Saturday, October 2, 2010

It's been a long month

So I have been so bad at keeping my blog updated.... most of you don't read this while I'm home anyway... but for those who might... I've had a busy month.
I have been staying with my friend Sarah, who thank God has allowed me to invade her life and her couch while I get certified to teach English. It's been long nights, and lots of lesson plans, but I did it!! I am done and have been applying for jobs in South Korea in hopes to leave ASAP... so hopefully November. I promise I will get better at this updating thing.

I have a lot to be thankful for. This month has gone by so fast it's hard to believe September ever happened. Sarah and I have gotten a lot closer and I am most thankful for that. Ryan got a new job, so not only will he be happier, but I will actually get to see him more often. I can't complain about anything,  because well.. I've been really lucky.

Keep praying for me please... I need God to lead me into the direction that I am meant to go.

Thursday, July 29, 2010

Europa 2

Stay tuned!! Lots to share... :)

Monday, May 24, 2010

Happy Birthday Hunter David!!

Thats right I am an Auntie again.. this time to a healthy baby boy!!

Tuesday, April 20, 2010

Does U.S Policy on Isreal/Palestine uphold our values?








April 18, 2010 the American Friends Service Committee who I do my internship with, put on a mock U.S congressional hearing asking the question, Does U.S. policy on Israel/ Palestine uphold our values?


Witnesses joined us from Israel, Palestine, and Washington telling us stories of their experiences relating to freedom of movement, military aid, and property rights in Palestine.

The listener panel asked questions that would have really stirred up the congressmen and senators if they had shown up.
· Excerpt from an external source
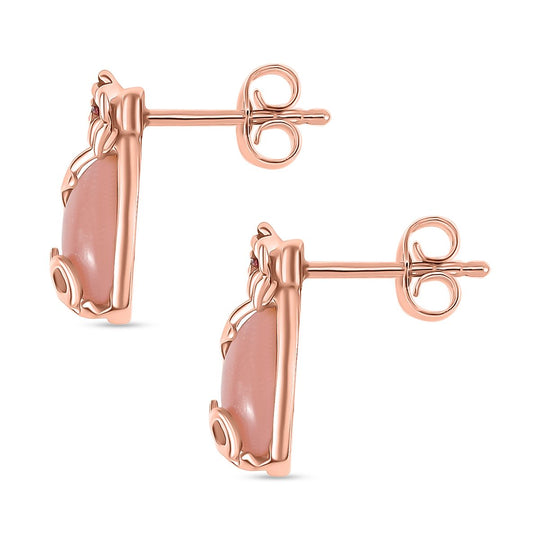 Herzklang - D joy AA Vinicunca-Peruanischer Opal, Lotus Granat Ohrringe 925 Silber 750 rosévergoldet ca. 2.27 ct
Why didnt they show up? Maybe they were scared that the questions asked would have been to hard to answer, or were they nervous that the personal stories shared would have really affected the way they vote in congress?

Well, I was given the most amazing opportunity of my life this Sunday. I got to not only hear the stories of these amazing, inspiring people, but I got to meet and talk with them after. These are exceptional people working for justice and peace in Israel/Palestine and anyone should be inspired to be in the same room as them.
Craig and Cindy Corrie. The parents of the human activist of Rachel Corrie who was killed by an Israeli military bulldozer in Gaza as she tried to prevent a home demolition of a Palestinian family. After her death the Corries have dedicated their lives to the pursuit of justice and peace in the Middle East. Seeking accountability and to challenge the Israeli Government, the Israeli and U.S. court systems, and the corporate headquarters of Caterpillar Inc.

 
Jeff Halper is the Coordinator of the Israeli Committee Against HOme demolition. He has led nonviolent direct action and civil disobedience against the Israeli occupation authorities.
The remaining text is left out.